[Start of section]
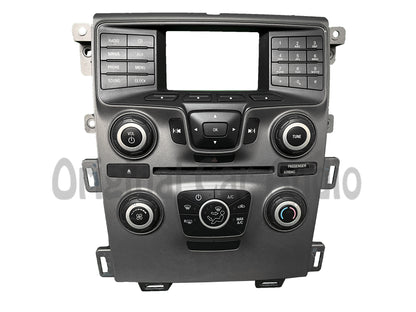 2011 - 2014 Ford Edge OEM 4" Radio Display Control Panel Single Zone Climate Control BEZEL ONLY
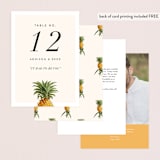 "Party in Paradise" - Table Numbers in Pineapple by Erin Hodges - Back of Card Options
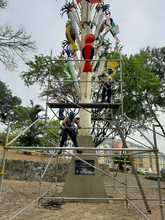 Secretar&iacute;a de Cultura interviene monumentos de la ciudad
[End of section]
_Task description_: Pictures are to be left out; the rest of the listing should be printed exactly.

_Answer box_:
 2011 - 2014 Ford Edge OEM 4" Radio Display Control Panel Single Zone Climate Control BEZEL ONLY
 "Party in Paradise" - Table Numbers in Pineapple by Erin Hodges - Back of Card Options
 Secretar&iacute;a de Cultura interviene monumentos de la ciudad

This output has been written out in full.